Read the Landmark Designation Report
NOTE: Information about the McCrary Mill No. 2/Parks Hosiery Mill is included in a larger Landmark Designation Nomination report for the Acme-McCrary factory complex in downtown Asheboro. Information about the McCrary/Parks mills can be found on pages 16-24 of the report.
Read the Landmark Designation Resolution
The Acme-McCrary Hosiery Mill plant located adjacent to the downtown commercial center is Asheboro’s largest and most intact historic industrial complex, comprising six buildings and a smokestack erected from 1909 through 1962 on 7.32 acres on West Salisbury Street’s south side north of Sunset Avenue. The entity’s contribution to the local economy began when seventeen Asheboro businessmen created Acme Hosiery Company in 1907. The concern incorporated as Acme Hosiery Mills on December 15, 1908, struggled until brothers-in-law and hardware and farm machinery purveyors D. B. McCrary and T. H. Redding partnered with banker W. J. Armfield Jr. to assume the company’s ownership in 1909. Their management transformed the cotton sock-knitting mill into the successful enterprise that it remains today.

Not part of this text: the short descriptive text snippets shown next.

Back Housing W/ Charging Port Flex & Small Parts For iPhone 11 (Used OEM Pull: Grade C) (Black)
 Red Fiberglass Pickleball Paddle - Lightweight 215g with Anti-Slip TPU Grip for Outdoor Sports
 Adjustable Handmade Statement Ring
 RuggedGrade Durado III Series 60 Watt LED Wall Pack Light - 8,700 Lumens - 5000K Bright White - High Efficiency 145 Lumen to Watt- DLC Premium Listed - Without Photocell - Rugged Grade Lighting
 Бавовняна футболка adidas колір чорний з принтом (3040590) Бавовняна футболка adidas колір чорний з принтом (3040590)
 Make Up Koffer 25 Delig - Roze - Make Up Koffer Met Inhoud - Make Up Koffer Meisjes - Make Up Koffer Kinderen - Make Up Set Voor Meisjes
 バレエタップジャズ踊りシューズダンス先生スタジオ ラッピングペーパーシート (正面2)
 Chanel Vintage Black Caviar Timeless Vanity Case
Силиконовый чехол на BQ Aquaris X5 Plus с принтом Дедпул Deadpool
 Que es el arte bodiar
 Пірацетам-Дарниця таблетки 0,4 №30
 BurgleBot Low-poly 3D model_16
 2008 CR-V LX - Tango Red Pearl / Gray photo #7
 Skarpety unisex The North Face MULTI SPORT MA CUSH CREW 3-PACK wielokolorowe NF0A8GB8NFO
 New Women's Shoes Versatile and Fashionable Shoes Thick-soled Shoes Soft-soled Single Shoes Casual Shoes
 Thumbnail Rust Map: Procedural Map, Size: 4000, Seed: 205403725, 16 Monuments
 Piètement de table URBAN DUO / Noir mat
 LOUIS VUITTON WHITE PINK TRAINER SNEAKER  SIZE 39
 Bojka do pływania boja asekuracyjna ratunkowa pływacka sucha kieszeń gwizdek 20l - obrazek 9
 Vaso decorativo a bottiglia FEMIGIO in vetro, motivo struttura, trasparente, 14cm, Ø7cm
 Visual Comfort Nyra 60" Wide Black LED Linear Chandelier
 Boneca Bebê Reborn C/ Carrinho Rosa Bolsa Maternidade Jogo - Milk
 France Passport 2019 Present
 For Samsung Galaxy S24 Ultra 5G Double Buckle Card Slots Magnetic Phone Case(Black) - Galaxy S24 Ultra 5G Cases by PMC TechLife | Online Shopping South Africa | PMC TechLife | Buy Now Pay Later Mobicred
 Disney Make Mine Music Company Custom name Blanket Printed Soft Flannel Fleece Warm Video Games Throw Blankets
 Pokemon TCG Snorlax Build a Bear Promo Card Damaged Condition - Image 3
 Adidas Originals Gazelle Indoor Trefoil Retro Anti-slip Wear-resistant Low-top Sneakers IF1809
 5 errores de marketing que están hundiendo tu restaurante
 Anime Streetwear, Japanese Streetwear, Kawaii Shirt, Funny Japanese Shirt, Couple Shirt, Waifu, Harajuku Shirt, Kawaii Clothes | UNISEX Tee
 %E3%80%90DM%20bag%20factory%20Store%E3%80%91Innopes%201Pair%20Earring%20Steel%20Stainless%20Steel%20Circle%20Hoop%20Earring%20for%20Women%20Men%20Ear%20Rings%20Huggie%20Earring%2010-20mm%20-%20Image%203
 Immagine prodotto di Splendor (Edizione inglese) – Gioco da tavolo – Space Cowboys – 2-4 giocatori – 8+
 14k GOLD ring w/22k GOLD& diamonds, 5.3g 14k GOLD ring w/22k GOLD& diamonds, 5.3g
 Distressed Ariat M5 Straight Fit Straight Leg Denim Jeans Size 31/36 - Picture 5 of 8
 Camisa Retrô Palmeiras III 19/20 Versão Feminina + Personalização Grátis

To ensure an ample supply of high-quality cotton yarn, McCrary, Redding, and Armfield established Sapona Cotton Mills on March 20, 1916, and acquired and soon improved the existing Cedar Falls Manufacturing Company complex to serve that purpose. McCrary and Armfield remained Acme Hosiery and Sapona Cotton Mills’ chief executives following T. H. Redding’s 1918 death. Around 1927, the entrepreneurs created McCrary Hosiery Mills, a silk and rayon hosiery manufacturing concern housed in the three-story 1924 addition on the Acme plant’s south end. Acme Hosiery Mills and McCrary Hosiery Mills continued to expand operations in Asheboro and Cedar Falls, and further increased capacity in 1938 through the construction of a Ramseur factory that remained a separate corporate entity until merging with McCrary Hosiery Mills in 1948. Acme and McCrary hosiery mills consolidated on April 1, 1961, to form Acme-McCrary Corporation.
In March 1931, McCrary Hosiery Mills acquired the neighboring two-story, heavy-timber frame, brick Parks Hosiery Mill west of the railroad on North Church Street’s east side. McCrary Hosiery Mills expanded into the facility, constructed the connected two-story brick Mill No. 2 to the north in 1937, setting the stage for the company to become one of thirty-two hosiery mills in the United States authorized to weave DuPont’s new nylon fiber after its 1938 introduction. McCrary Hosiery Mills remained Asheboro’s largest full-fashioned hosiery business that year, with between seven and eight hundred employees.
In September 2021, company sold the 0.85-acre parcel at 170 Church Street containing Parks Hosiery Mill - McCrary Hosiery Mill No. 2 to Church Street Loft Apartments, LLC. Church Street Loft Apartments, LLC’s rehabilitation of this building to create fifty efficiency, one-,and two-bedroom apartments in compliance with the Secretary of the Interior’s standards is expected to be finished should be finished by summer 2023.